OTTAWA – Prime Minister Stephen Harper jets to Europe next week for separate meetings about the global fiscal crisis with the leaders of Great Britain and France.

Harper, British Prime Minister David Cameron and French President Nicolas Sarkozy will likely spend a significant amount of time discussing the crisis prompted by the near financial collapse of Greece. The country’s debt problems have prompted fears of another global credit squeeze.

The meetings will also be a chance for Harper to build some consensus on some policy objectives with two key European leaders ahead of next month’s G20 and G8 summits, which Canada is hosting in Toronto and in Huntsville, Ont., respectively.

"Both the United Kingdom and France are important members of the G8 and G20 and (Harper) intends to raise with both leaders his view that the G20 summit should focus on recovery from the global economic and financial crisis," Dimitri Soudas, Harper’s director of communications, told reporters Friday.

One key issue for the G20 summit to resolve is whether there should be some kind of levy applied globally to banks and financial services companies that could be used to pay for any future bank bailouts.

Sarkozy and Cameron favour this idea but Harper is vehemently opposed to it.

"There is general agreement with the principle that taxpayers should not bear the costs of rescuing the financial sector," said Soudas. "But there are obviously different opinions within the G20 on the issue of a bank tax or a levy. Countries have varied approaches for dealing with the cost of the financial crisis. As we’ve said all along, there is no one-size-fits-all solution."

Earlier this month, Harper sent a letter to all G20 leaders asking, when they come to Toronto at the end of June, they be prepared to commit to some benchmarks on the fiscal health of their national governments.

Harper, along with many other world leaders and central bankers, is worried that rising debt and deficits of some of the world’s largest economies will derail the global economic recovery.

"We now need to reassure markets not just that we’ve been prepared to intervene when we had to, but that governments can run responsible and sustainable balances over the long term," Harper wrote. "The levels of deficit and debt in many countries are reaching levels that markets judge to be unsustainable."

A senior Canadian government official involved in the discussions with other countries on the fiscal crisis said Harper’s letter appears to have struck the right note with G20 members.

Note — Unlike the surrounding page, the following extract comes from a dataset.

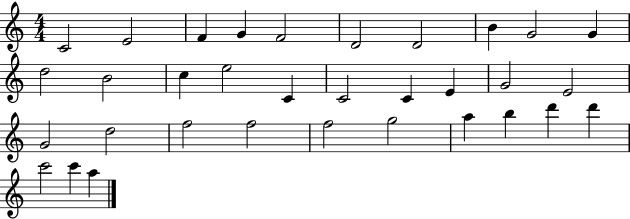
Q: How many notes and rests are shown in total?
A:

"Certainly the feedback from finance deputy ministers and (G20) sherpas has been very positive on Prime Minister Harper’s letter," said the official. "The identification of the need to elaborate clear and more credible fiscal consolidation plans is increasingly recognized."

Sherpas are designated bureaucrats or emissaries who represent each G20 leader in talks leading up to the actual summit.

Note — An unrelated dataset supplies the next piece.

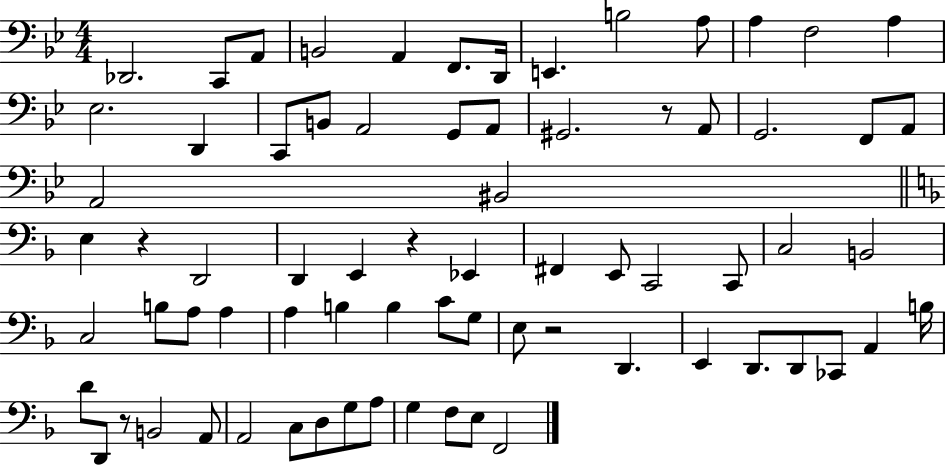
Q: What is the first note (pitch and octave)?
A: Db2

Harper will be the first foreign leader that Cameron will meet as prime minister, a role he took over on May 11 after his country’s May 6 general election. He leads a coalition government of Conservatives – Cameron’s party – and Liberal Democrats.

Harper has met Cameron before, as the leader of the British Parliament’s opposition.

World leaders, central bankers, and financial investors have been concerned about the fiscal probity of countries like Greece, Portugal, Ireland and Spain, but there are also concerns that giants like the U.S. and Japan must also provide credible assessments of their return to sustainable government fiscal policies.

"We can confront our fiscal challenge with clear and realistic plans for fiscal consolidation, or we can wait for markets to dictate the terms for us," Harper wrote.

Harper departs for Europe next Wednesday. He will meet Cameron on Thursday over lunch at 10 Downing Street and will meet Sarkozy the next day in Paris. He returns to Ottawa Friday evening.